Web server security issues [solved]

[orange_juice]

---COPMLETELY REPHRASED VERSION---

Hallo!

I have built a system in grips with the Gentoo Security Handbook using the hardened toolchain with pie/ssp and having grsec and pax enabled in the system specific tailored kernel.

In this system I need to be running one service: Apache web server on port 80.

I am not sure I can chroot Apache since it will be proxying zope, necessary to run plone.
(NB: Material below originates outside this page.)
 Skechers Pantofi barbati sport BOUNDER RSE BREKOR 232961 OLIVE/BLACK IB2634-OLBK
On apache, however, I will enable mod_security.

What I need are tools which can help me learn how to perform the following:

1) Detect IPs that will be acting in a malicious way towards my web server and ban them for e.g. 30 minutes.
2) Monitor and ban possible traffic that has nothing to do with my website e.g. someone performing an invasive attack towards my computer.
3) Make sure that if an attack is successfull I will be notified for the possible changes through my logs.
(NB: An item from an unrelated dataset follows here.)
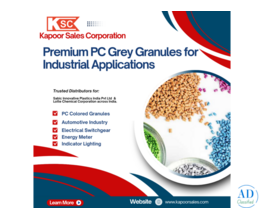 Kapoor Sales Offering Premium PC Grey Granules for Industrial Applications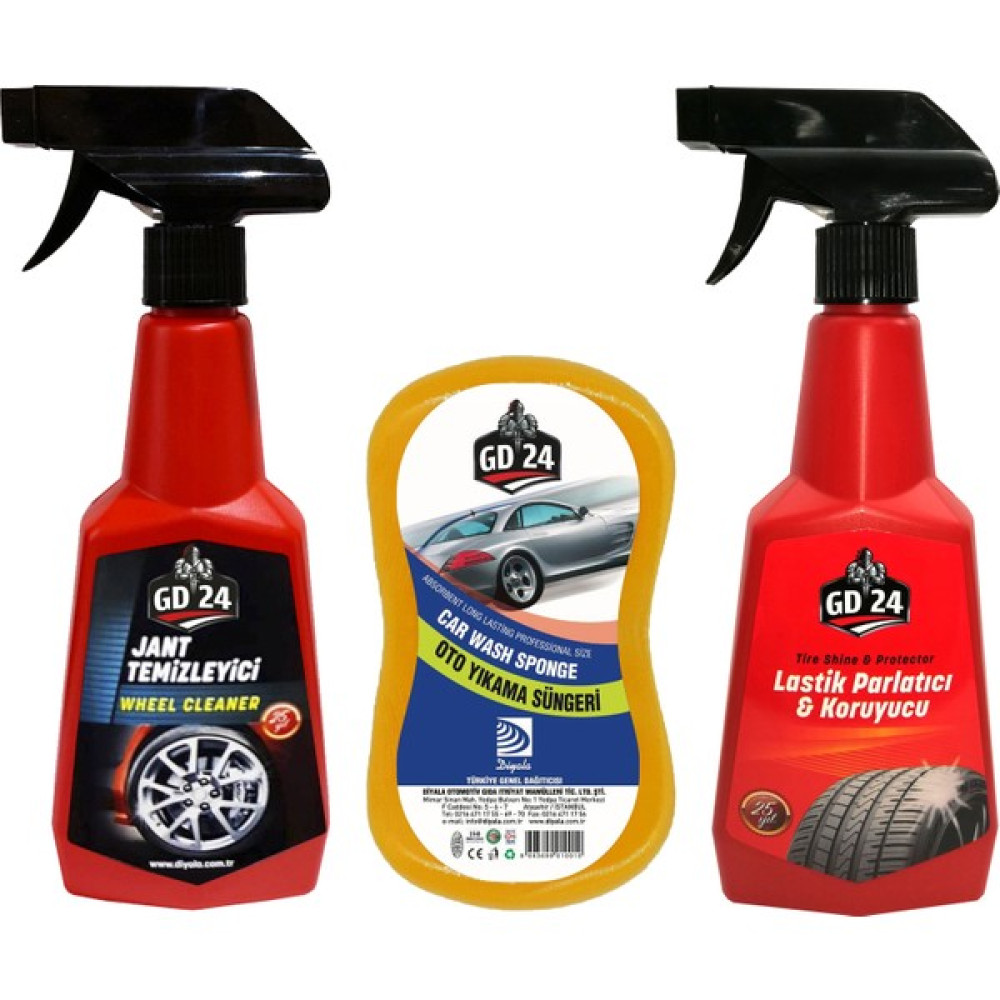 GD24 Lastik Parlatıcı ve Jant Temizleyici 500 ml Lastikler Fiyatı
According to the above needs, a beautiful answer would be:

You need a Host-Based Intrusion Detection System (HIDS) and a Network Intrusion Detection System (NIDS) such as AIDE and SNORT.

However,...

My question is:

Since my box will be a dedicated web server, is it possible that the time needed to learn how to configure SNORT and AIDE properly, renders those two options an overkill? In other words, the complexity of those full blown applications has to do with the difficulty of the task they have to confront with, or it has also to do with the elevated needs of more complicated network setups than a dedicated web-server running plone?

Kind regards,
orange_juice

------------------------------------------
---OLD VERSION---
Hallo!

Searching on the net, I have found the following solutions for enhanced security for my web server:

a) SNORT
b) Psad
c) Portsentry

I consider Snort as the one that includes the others. Am I wrong?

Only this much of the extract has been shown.